The final phase progressively narrows candidates through increasing numbers of seeds using a tiered tournament.

Tiered Tournament#

Default tiers: [(100, 10), (50, 20), (10, 100)]

  Tier 1: top 100 configs × 10 seeds → rank → keep top 50
  Tier 2: top 50 × +10 new seeds (20 total) → rank → keep top 10
  Tier 3: top 10 × +80 new seeds (100 total) → final ranking

Each tier only runs new seeds (incremental), accumulating all prior results. Total: 100×10 + 50×10 + 10×80 = 2,300 vs naive 100×100 = 10,000.

from calibration import run_tiered_stability

stable = run_tiered_stability(
    candidates=results[:20],
    scenario="baseline",
    n_workers=10,
)

for r in stable[:5]:
    print(f"Score: {r.mean_score:.4f} ± {r.std_score:.4f}")

Ranking Strategies#

Strategy

Formula

Best For

combined

mean_score × (1 - k × std_score)

Balance of quality and stability

stability

pass_rate DESC, n_fail ASC, combined DESC

Maximizing reproducibility

mean

mean_score DESC

Ignoring variance, best average

The --k-factor parameter (default 1.0) controls variance penalty in combined mode. Higher k penalizes high-variance configs more heavily.
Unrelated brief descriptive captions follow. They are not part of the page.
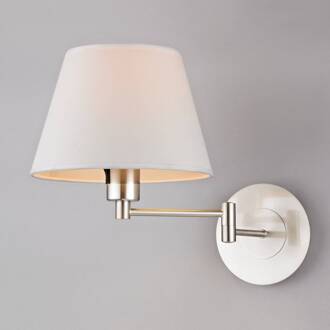 wandlamp Pola, 30 cm, nikkel, uitschuifbaar, textiel nikkel satijn, wit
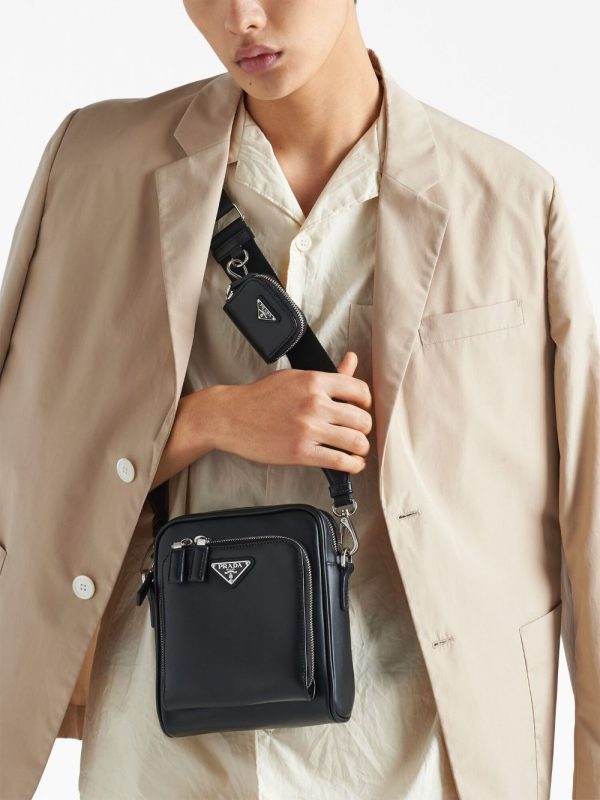 Prada triangle-logo leather shoulder bag - Image 3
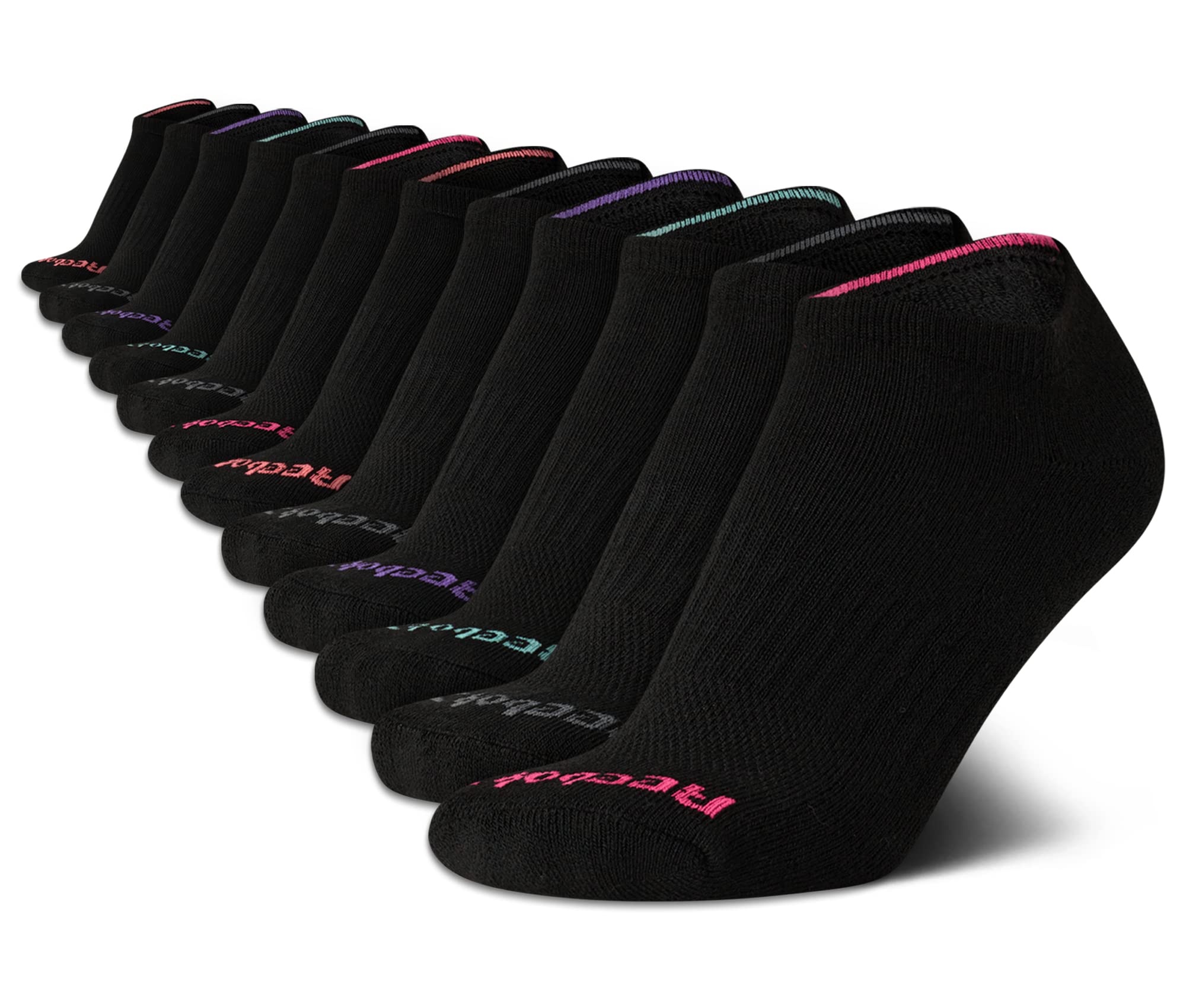 Reebok Women's No Show Athletic Breathable Low Cut Cushioned Socks (12 Pack), Size 4-10, Solid Black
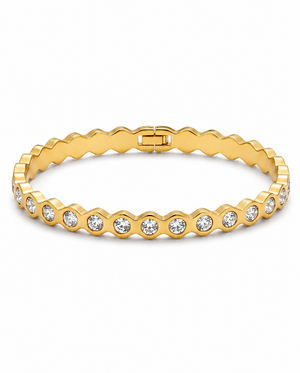 Gold scalloped tennis bracelet with round clear crystal stations and clasp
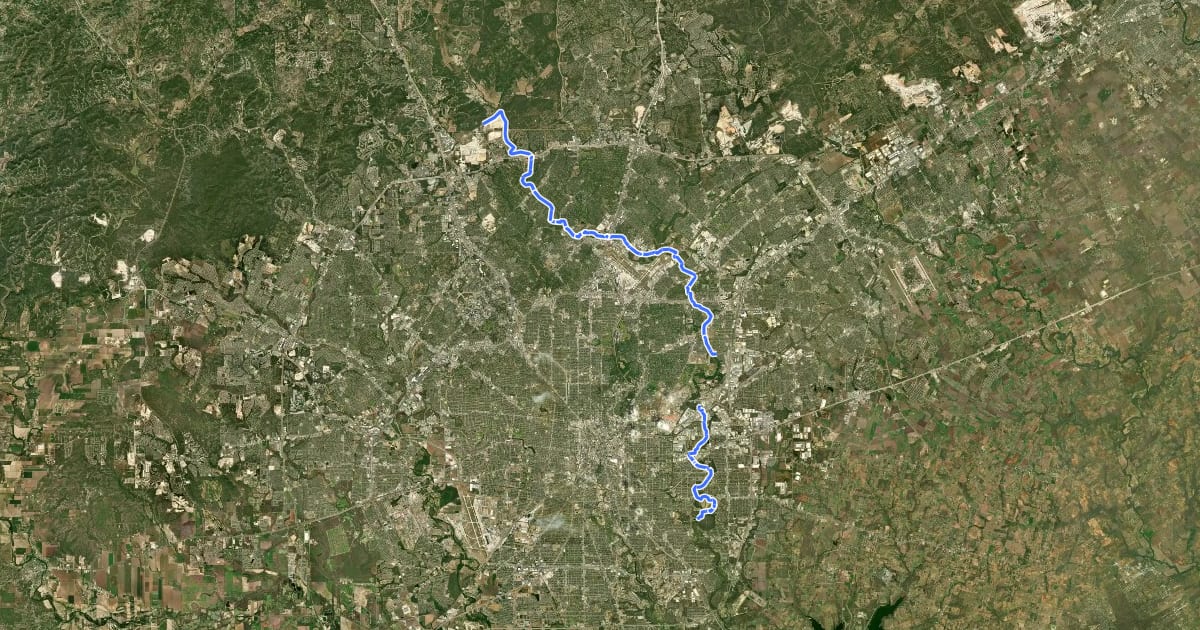 Маршрут Salado Creek Greenway на спутниковом снимке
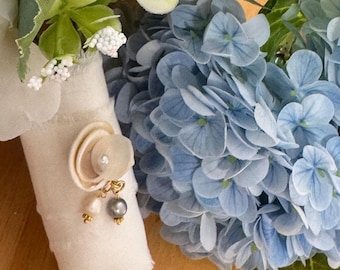 Something Blue Wedding Accessory | Bridal Floral Shell Pin with Blue Pearl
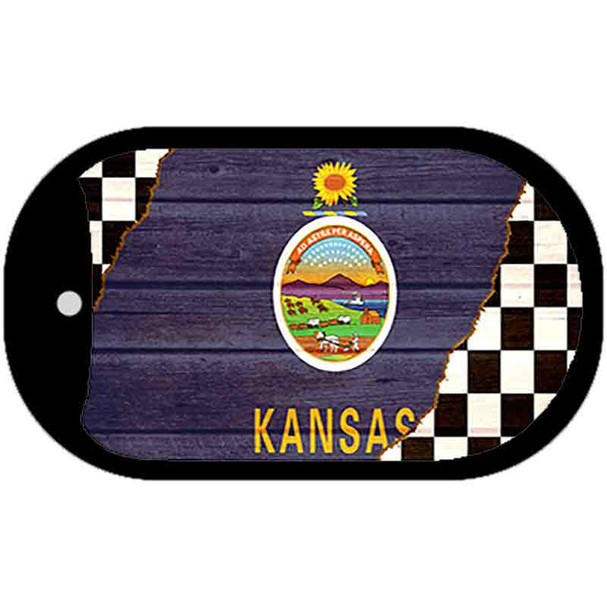 Kansas Racing Flag Wholesale Novelty Metal Dog Tag Necklace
python -m calibration --phase stability --rank-by stability --k-factor 1.5

Multi-Seed Guidance#

Single-seed screening is necessary for computational efficiency but overfits to the specific random draw. A config ranking 1st with seed=0 may rank 50th across 100 seeds. Recommendations:

  • Tier 1: At least 10 seeds for initial screening

  • Tier 2: 20–30 seeds for medium confidence

  • Final selection: 100+ seeds for publication-quality results

Multi-Pass Workflow#

For thorough calibration:

  1. Run sensitivity → grid → stability for the primary parameters

  2. Fix the now-calibrated parameters at their optimal values

  3. Re-run the pipeline for previously fixed parameters

  4. Compare results and iterate as needed